This invention relates to supports for insulation which have insulating and load bearing capability. In particular this invention relates to pegs of relatively high density which may be used to support non-load bearing high performance insulation and which also exhibit good thermal resistance characteristics.

BACKGROUND ART

High performance insulation is generally characterized by relatively low density because higher densities generally result in poorer heat transfer resistance characteristics due to easier thermal conduction through the denser medium. As a result of this relatively low density, high performance insulation has poor compressive strength and cannot support a significant load. When high performance insulation is required in a load bearing application there is sometimes employed one or more pegs of adequate compressive strength interspersed throughout the insulation to support the load.

Several such load bearing pegs are known to the art. For example, U.S. Pat. No. 3,094,071--Beckman teaches the use of spacers made of porcelain or organic thermal-setting plastic reinforced with fabric or paper. U.S. Pat. No. 3,289,423--Berner teaches the use of pegs of glass fibers made by giving together layers of glass fibers. U.S. Pat. No. 3,161,265--Matsch discloses pegs of glass reinforced phenolic resin and suggests ceramic pegs for high temperature uses.

Although such known pegs are adequate for many uses, they are inadequate for certain high temperature high performance applications. As can be appreciated, thermal transfer through a peg is considerably greater than through the low density insulations. In certain high performance applications the thermal transfer through the pegs is so high as to defeat the purpose of the low density high performance insulation. One such high performance application is an evacuated enclosure for a high temperature battery such as might be used to power an electric vehicle.

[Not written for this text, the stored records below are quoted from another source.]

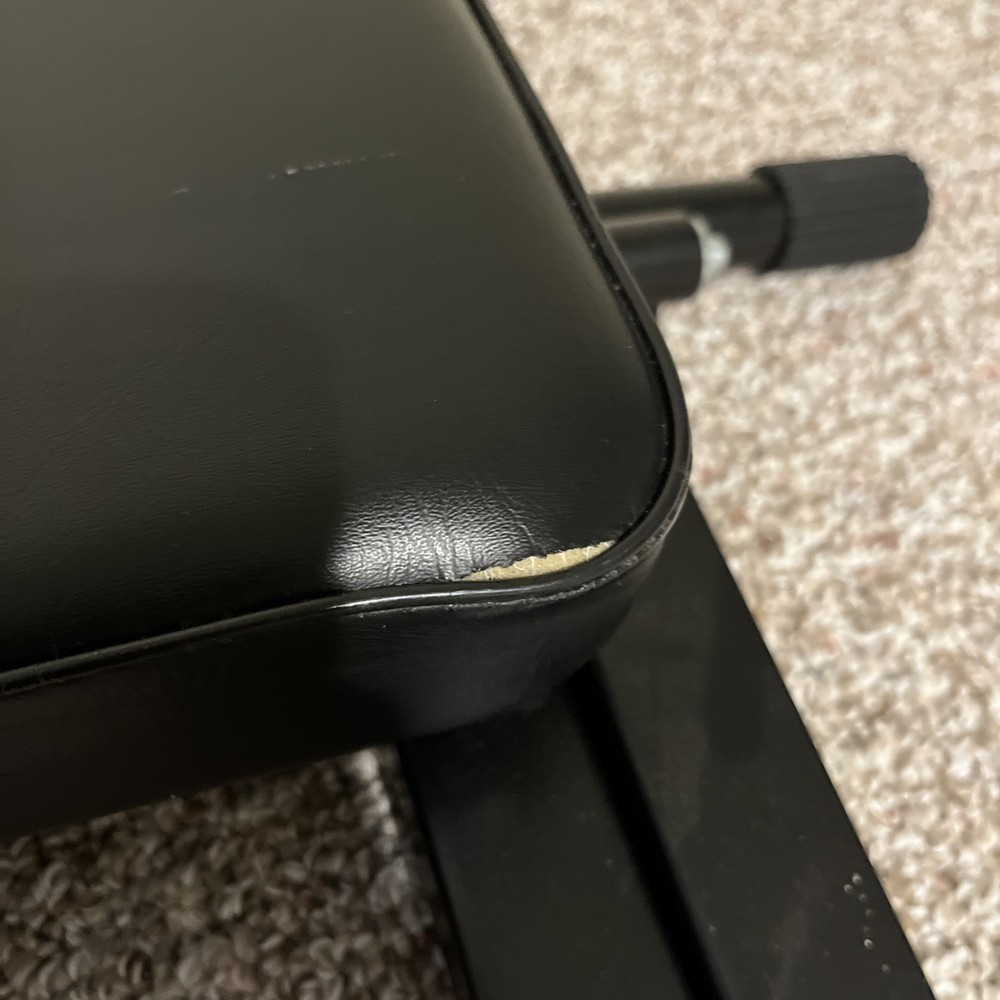 On-Stage KT7800 Three Position X-Style Keyboard Bench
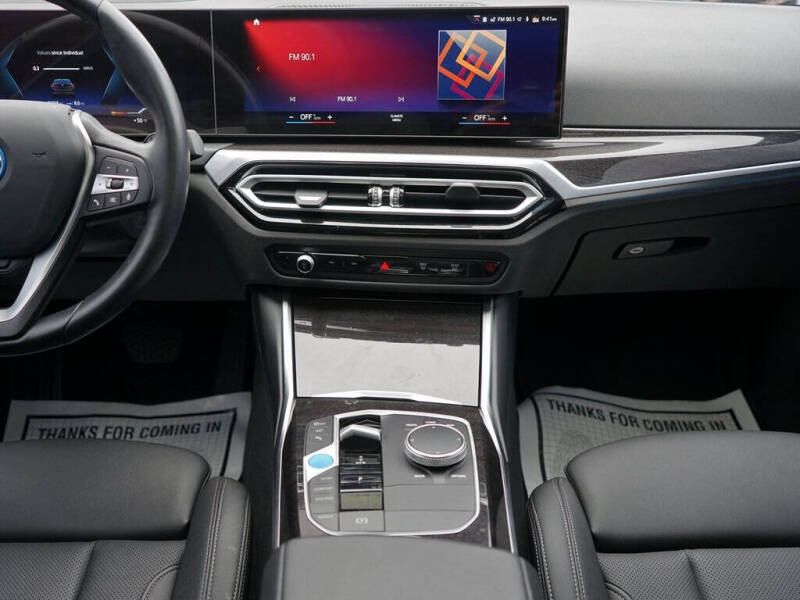 2023 BMW i4 eDrive35 Gran Coupe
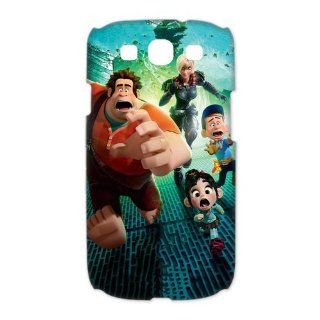 FashionFollower Personalized Movie Series Wreck It Ralph Stylish Hard Shell Case For samsung SamWN37005: Cell Phones & Accessories
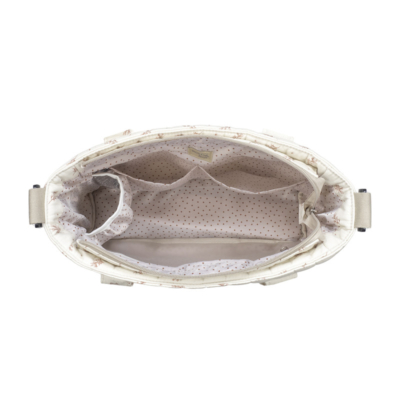 Organizador para silla Mimosa rosa - Imagen 5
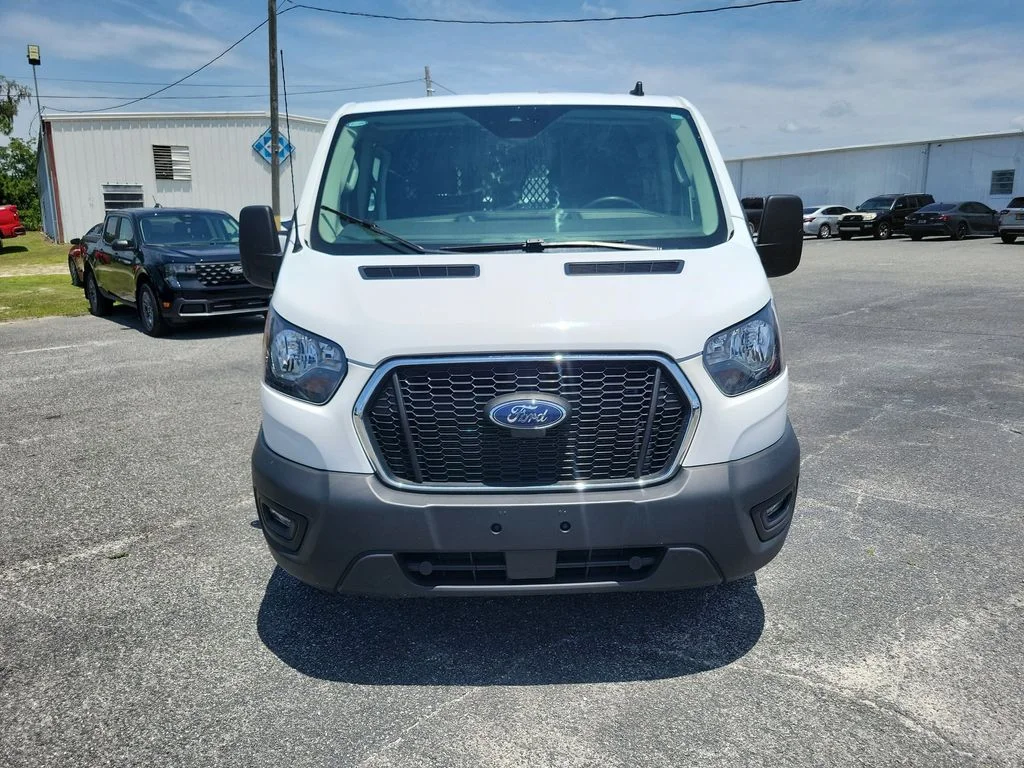 Used 2024 White Ford Base image 6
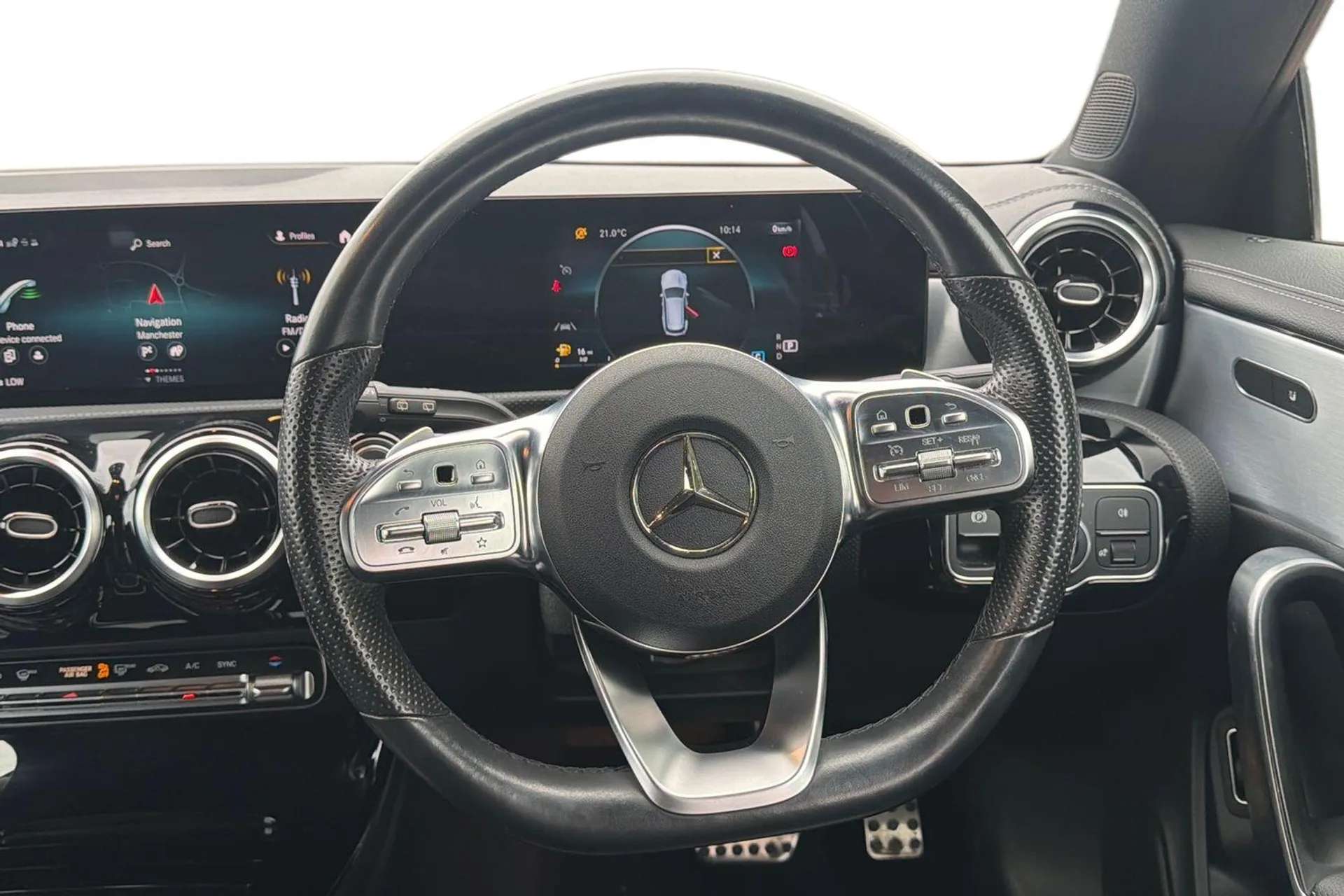 2021 MERCEDES-BENZ CLA CLASS 2021 MERCEDES-BENZ CLA CLASS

Specifically, high density pegs such as those made of porcelain or other ceramics have the disadvantage of relatively high thermal conductivity at elevated temperatures. To reduce such heat transfer, the peg support area must remain small thereby compromising the load bearing capability of the peg. Pegs containing binders, resins or similar reinforcers provide a continuous non-insulator conductive heat path, thus significantly increasing heat transfer through the peg. Furthermore such binders and resins may give off vapors at elevated temperatures which would degrade the vacuum in applications where evacuation of the insulated volume is employed. Such vacuum degradation further reduces the degree of insulation achievable.

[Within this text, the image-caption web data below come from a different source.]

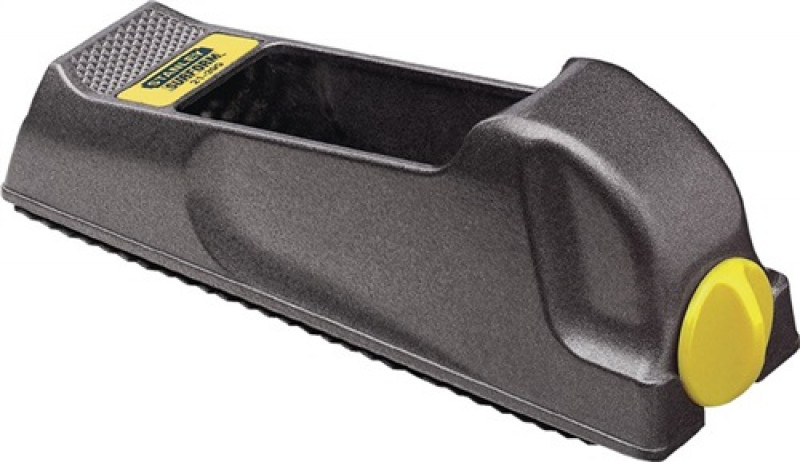 Hobel Surform Länge 155 mm Klingenlänge 140 mm Kunststoffhandgriff Stanley Hobel Surform Länge 155 mm Klingenlänge 140 mm Kunststoffhandgriff Stanley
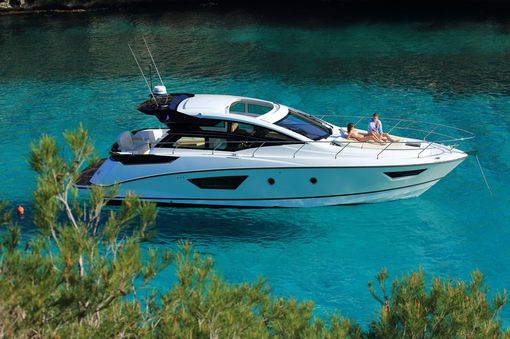 2019 Beneteau 46 Gran Turismo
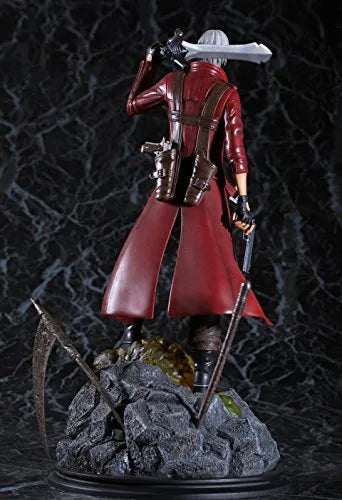 Devil May Cry 3 - Dante Sparda - 1/6 (Myethos)ㅤ – Myethos As Manufacturer – ActionFigure Brasil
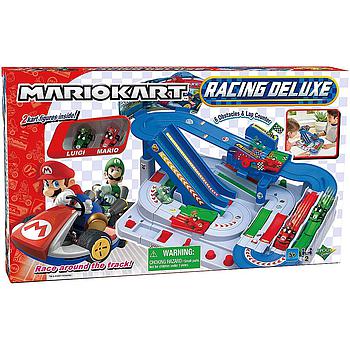 Mario Kart Racing deluxe playset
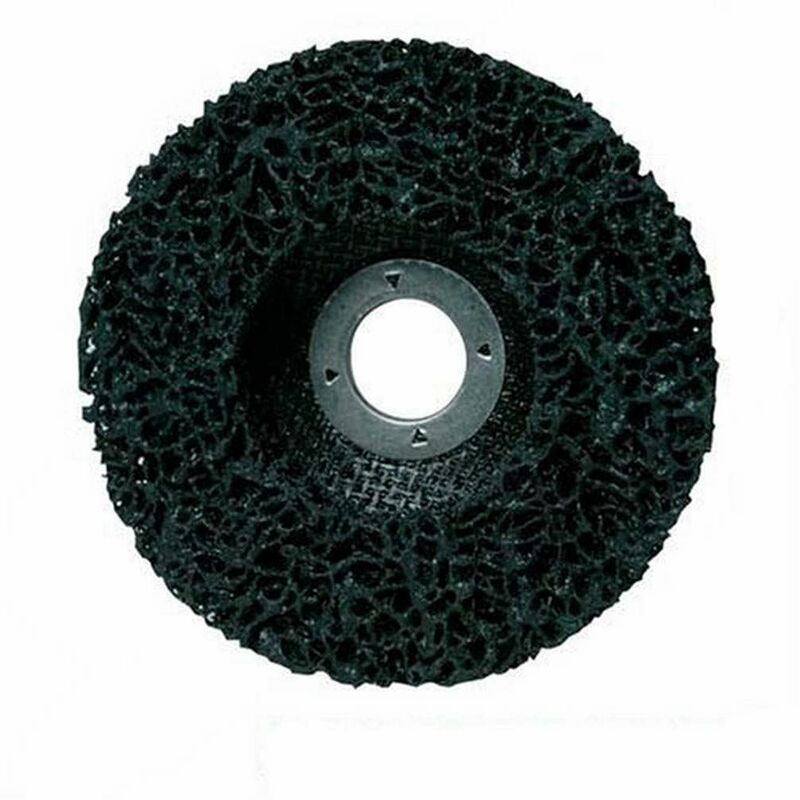 Silverline - Polycarbide Abrasive Disc 115mm 22.23mm Bore 585478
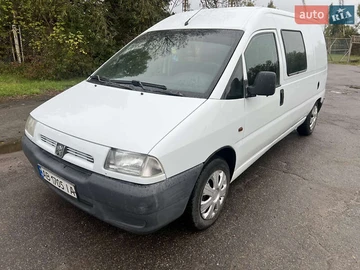 Авто Peugeot Expert 2001 № 8042951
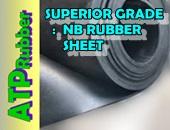 SUPERIOR GRADE :NR Rubber Sheet [THNR1052038R]
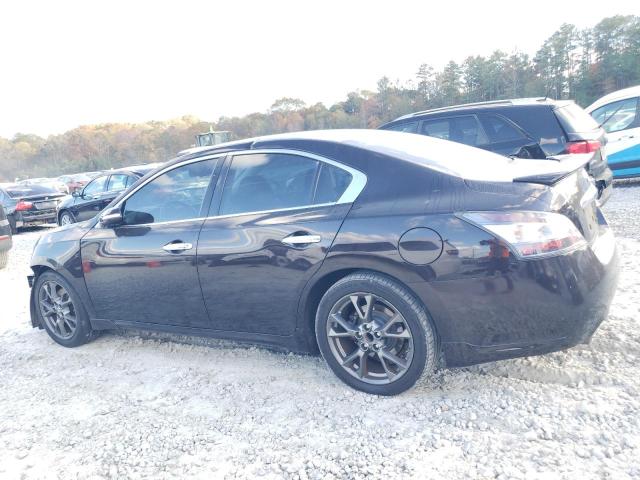 Photo 1 VIN: 1N4AA5AP2EC477311 - NISSAN MAXIMA S 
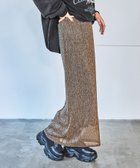 【ページボーイ/PAGEBOY】のラメプリーツナロースカート 人気、トレンドファッション・服の通販 founy(ファニー) ファッション Fashion レディースファッション WOMEN スカート Skirt カットソー Cut And Sew シンプル Simple プリーツ Pleats ランダム Random thumbnail ゴールド52|ID: prp329100004252049 ipo3291000000029576839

It can be appreciated that a successful load bearing insulation peg must have both compressive strength and insulating capability. However those qualities which impart to a peg compressive strength, such as density and reinforcers, also tend to decrease a peg's insulating capability.

It is therefore an object of this invention to provide an improved loading bearing insulation peg.

It is another object of this invention to provide an improved load bearing insulation peg of relatively high density and compressive strength.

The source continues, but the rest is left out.